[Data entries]
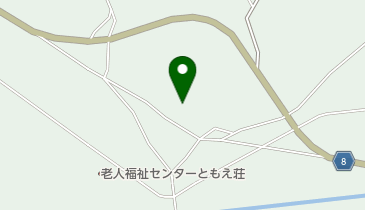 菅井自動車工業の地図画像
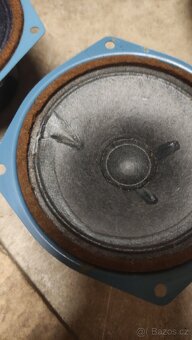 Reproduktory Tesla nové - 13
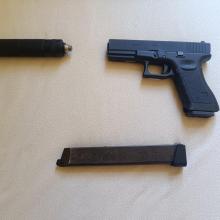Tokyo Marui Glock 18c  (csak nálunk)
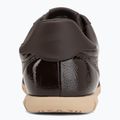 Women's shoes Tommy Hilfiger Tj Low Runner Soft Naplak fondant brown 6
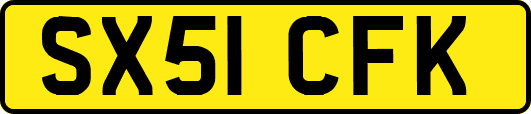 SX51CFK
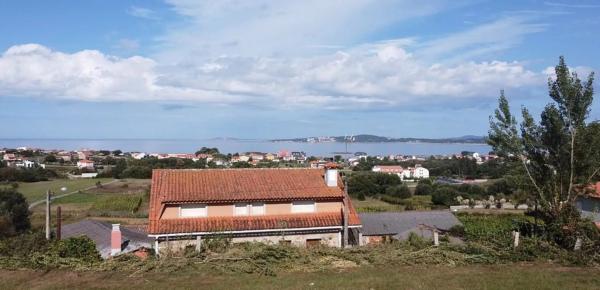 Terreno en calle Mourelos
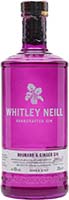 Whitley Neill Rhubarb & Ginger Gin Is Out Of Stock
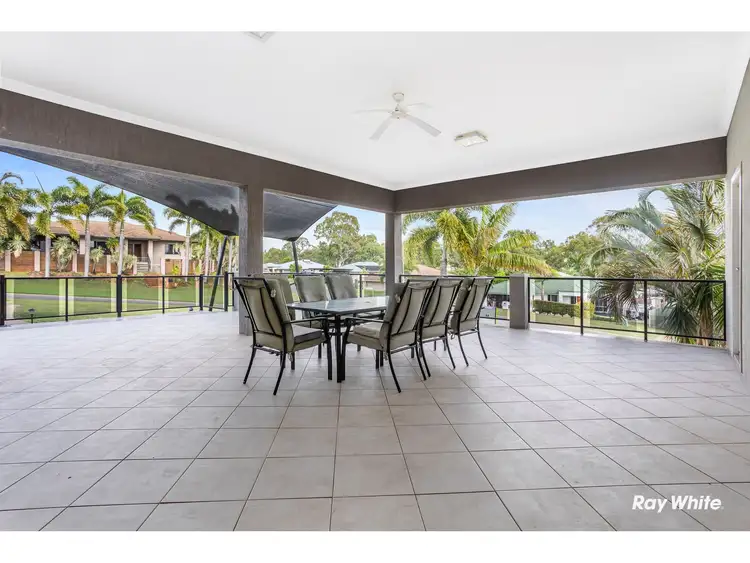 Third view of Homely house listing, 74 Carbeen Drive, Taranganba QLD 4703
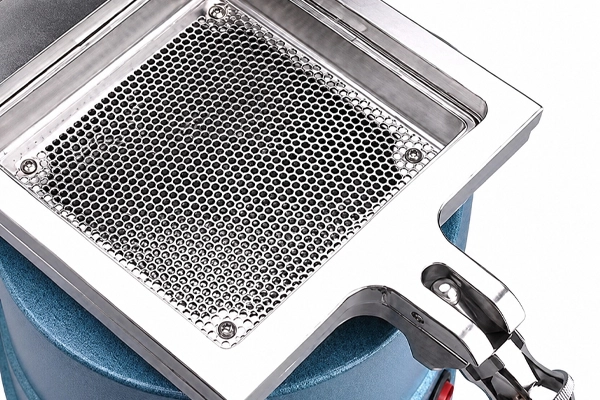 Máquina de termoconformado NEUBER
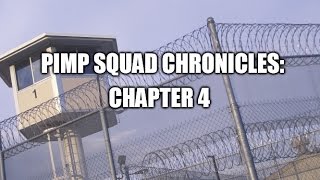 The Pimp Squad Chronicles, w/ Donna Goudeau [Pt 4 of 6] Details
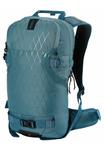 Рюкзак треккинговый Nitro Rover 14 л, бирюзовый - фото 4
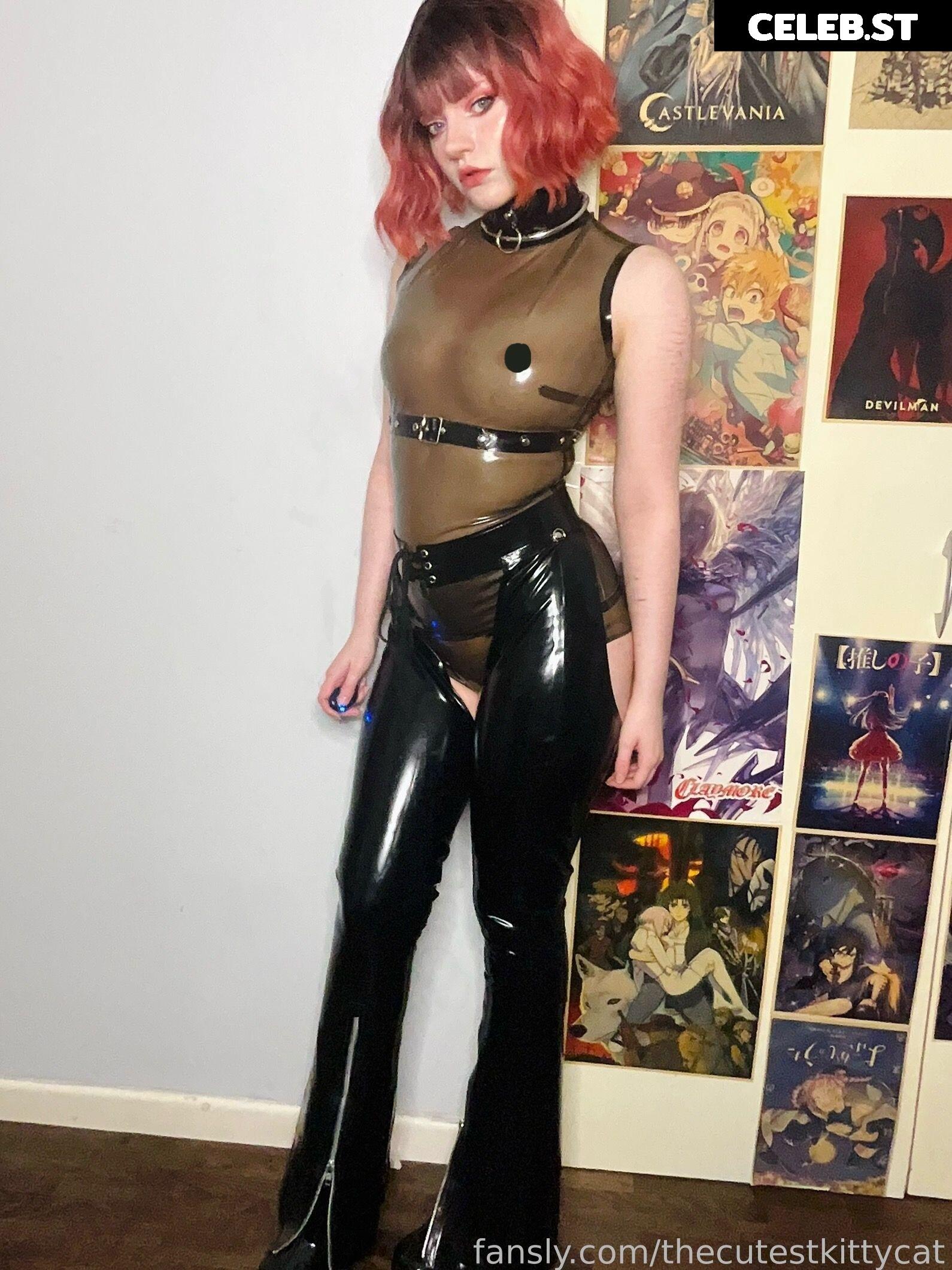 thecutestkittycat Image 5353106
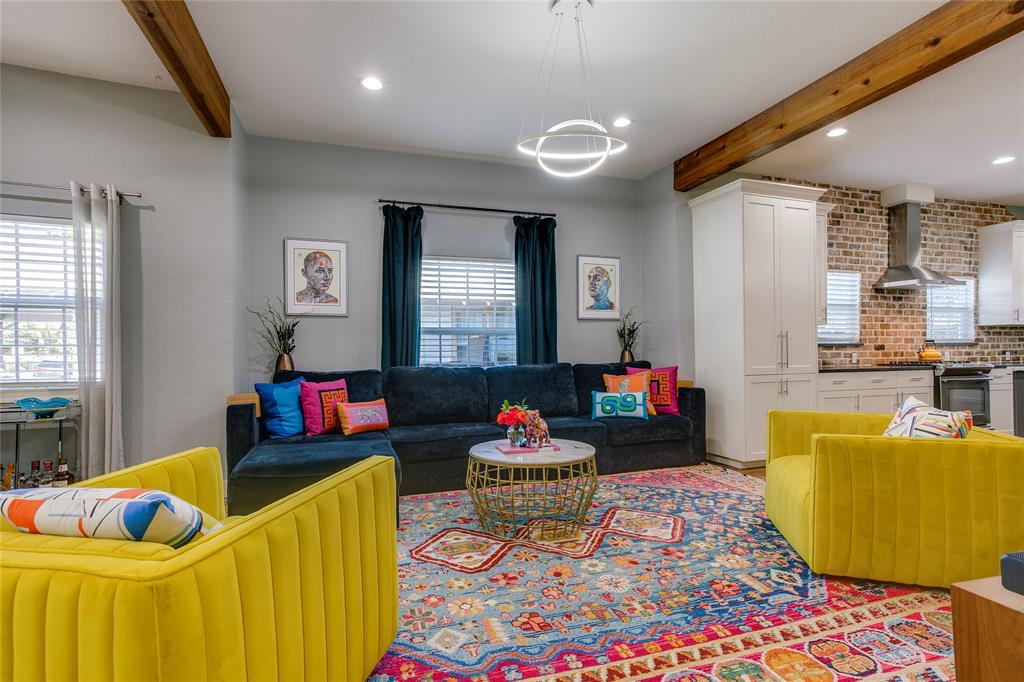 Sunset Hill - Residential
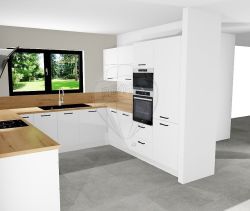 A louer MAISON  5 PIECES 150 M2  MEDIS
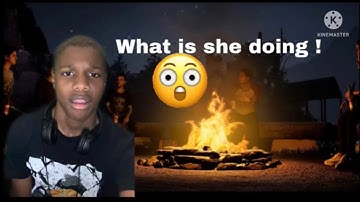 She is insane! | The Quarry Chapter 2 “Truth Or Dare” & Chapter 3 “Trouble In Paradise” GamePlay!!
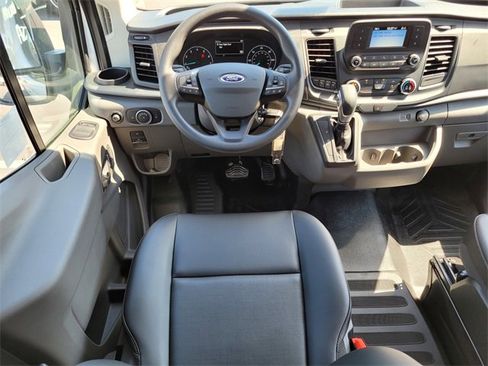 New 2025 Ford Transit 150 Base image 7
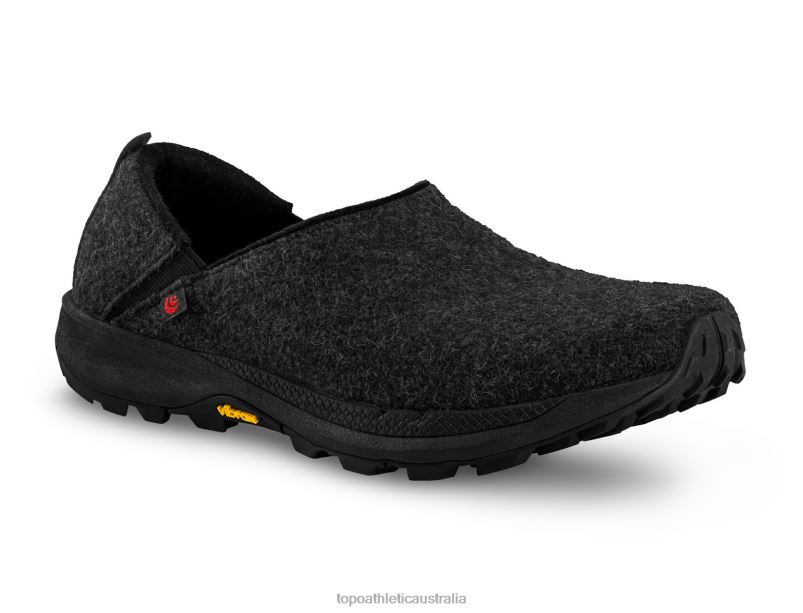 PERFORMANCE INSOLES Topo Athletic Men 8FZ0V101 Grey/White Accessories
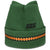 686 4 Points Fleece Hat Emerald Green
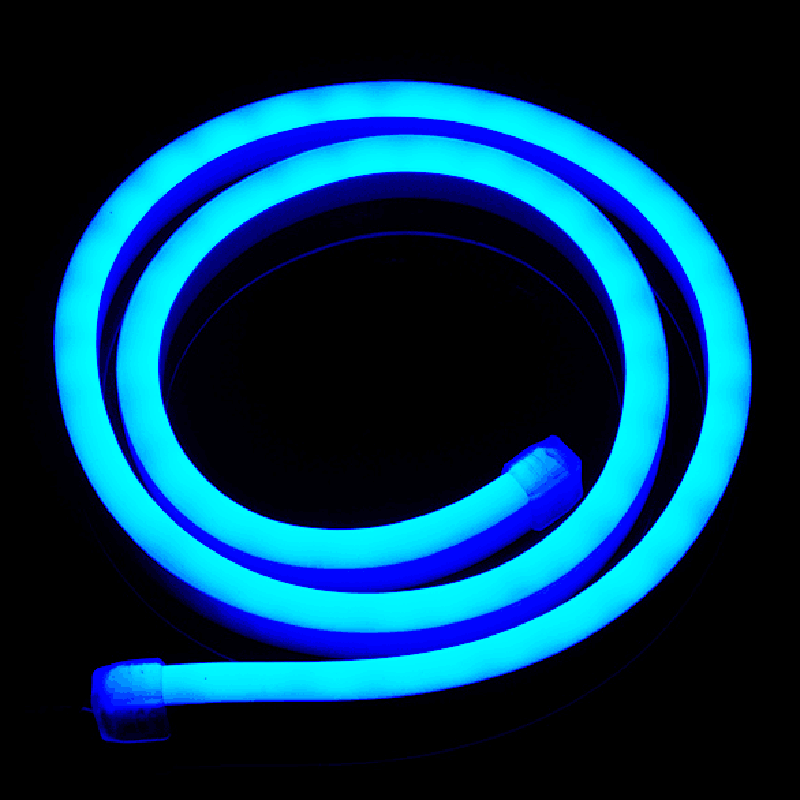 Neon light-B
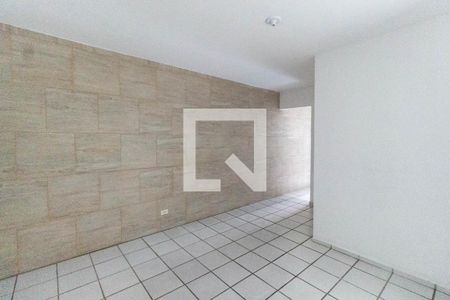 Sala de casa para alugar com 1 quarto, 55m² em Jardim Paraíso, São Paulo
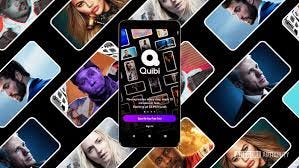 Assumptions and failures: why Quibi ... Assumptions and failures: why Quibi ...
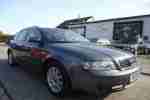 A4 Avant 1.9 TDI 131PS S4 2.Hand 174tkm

AIM OF THE EXERCISE >>
Print all records word for word, no images.

SOLUTION TO THIS PROBLEM >>
 菅井自動車工業の地図画像
 Reproduktory Tesla nové - 13
Tokyo Marui Glock 18c  (csak nálunk)
 Women's shoes Tommy Hilfiger Tj Low Runner Soft Naplak fondant brown 6
 SX51CFK
 Terreno en calle Mourelos
 Whitley Neill Rhubarb & Ginger Gin Is Out Of Stock
 Third view of Homely house listing, 74 Carbeen Drive, Taranganba QLD 4703
 Máquina de termoconformado NEUBER
 The Pimp Squad Chronicles, w/ Donna Goudeau [Pt 4 of 6] Details
 Рюкзак треккинговый Nitro Rover 14 л, бирюзовый - фото 4
 thecutestkittycat Image 5353106
 Sunset Hill - Residential
 A louer MAISON  5 PIECES 150 M2  MEDIS
 She is insane! | The Quarry Chapter 2 “Truth Or Dare” & Chapter 3 “Trouble In Paradise” GamePlay!!
 New 2025 Ford Transit 150 Base image 7
 PERFORMANCE INSOLES Topo Athletic Men 8FZ0V101 Grey/White Accessories
 686 4 Points Fleece Hat Emerald Green
 Neon light-B
 Sala de casa para alugar com 1 quarto, 55m² em Jardim Paraíso, São Paulo
 Assumptions and failures: why Quibi ... Assumptions and failures: why Quibi ...
 A4 Avant 1.9 TDI 131PS S4 2.Hand 174tkm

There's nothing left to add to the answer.